Wiehl also has – up to now, anyway – steered the city through the Great Recession nearly painlessly, though granted, Athens, being a college town, is insulated more than most cities from the ravages of persistent economic malaise.
Mayor Wiehl's opponent, Republican Randy Morris, is a hard-working and community-minded citizen with impressive credentials in the military, higher education and business.
However, we believe that Morris' public criticism of Mayor Wiehl is off base. A mayor's top priority is to manage the city competently, and Wiehl has excelled in this area. Morris and his supporters haven't presented a case for why or how Morris would do any better. While his military service is impressive, that doesn't say much about whether he'd make a good city leader.
We think Paul Wiehl has managed the city well enough to warrant re-election.

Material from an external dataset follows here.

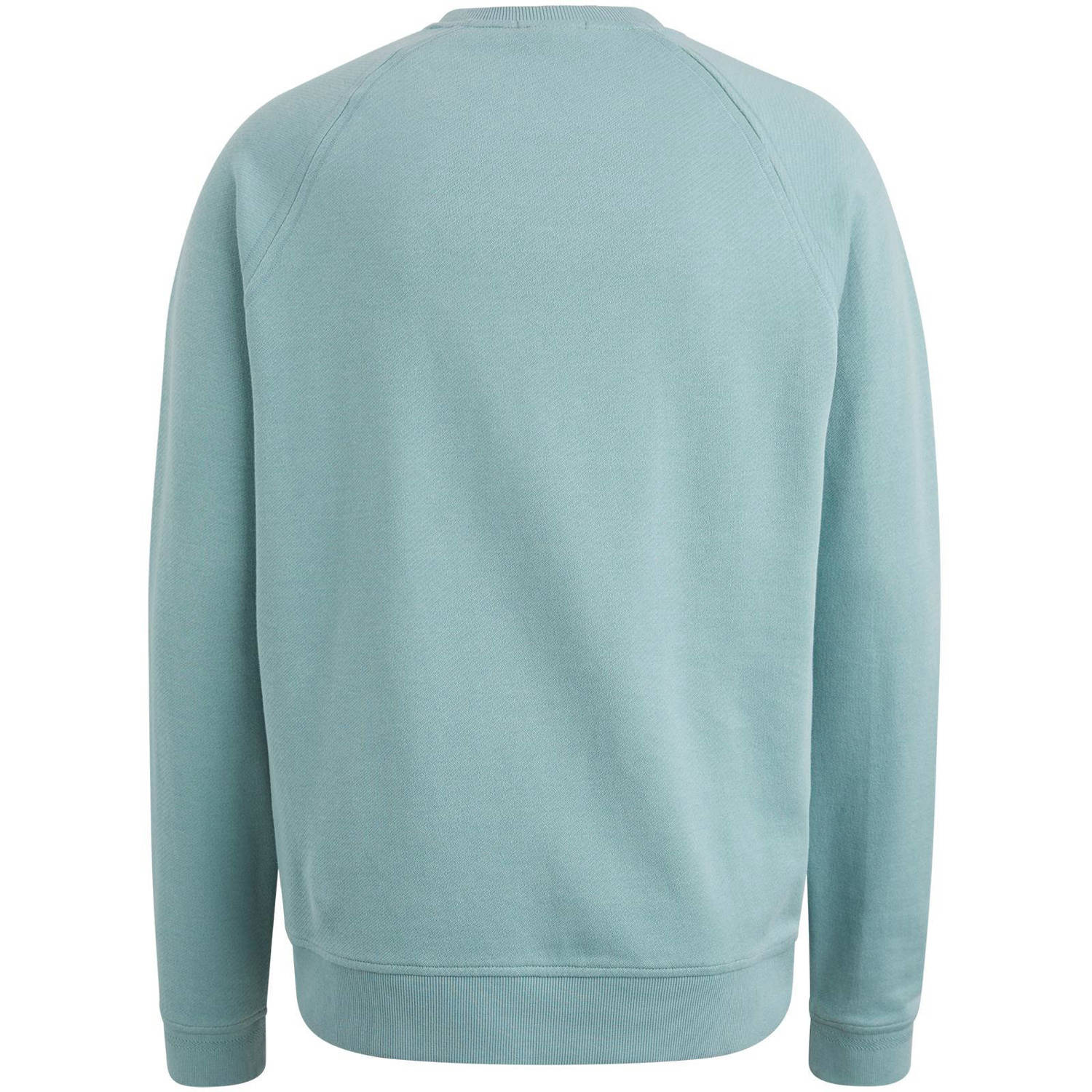 Cast Iron sweater lichtblauw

Third Ward Athens City Council
In a race with two solid candidates, The Athens NEWS endorses Michele Papai for Third Ward Athens City Council member. As a citizen, she has been active in numerous community and neighborhood groups, and has done a good job on the city's zoning appeals board.
Papai, a Democrat, looks to be a strong replacement for longtime Third Ward council member Nancy Bain.
Papai's opponent, independent R.J. Sumney, is also an impressive candidate, with ample involvement in the community and current service on the Athens Planning Commission.
In a race with two strong candidates, Third Ward voters can't go wrong voting for either one, but we'll give the edge to Papai, based on her active neighborhood advocacy and her involvement with a variety of civil improvement efforts, including a successful anti-litter committee.
State Issue 2
We strongly urge our readers to vote no on Issue 2 in the November general election. This up-or-down vote on the union-busting Senate Bill 5 will go a long way toward determining whether Ohio's a state that truly cares about a large segment of its middle-class workers and families, or one that sacrifices them to red-state, anti-union ideology.
Issue 2/S.B. 5 goes much further than its supporters' public argument — that it simply provides long-needed, good-government, cost-saving reforms to labor-government relations in Ohio. Much more than that, it's a Trojan horse that will break the back of public-employee unions in Ohio, and in so doing, further cripple the Democratic Party's ability to compete with Republicans.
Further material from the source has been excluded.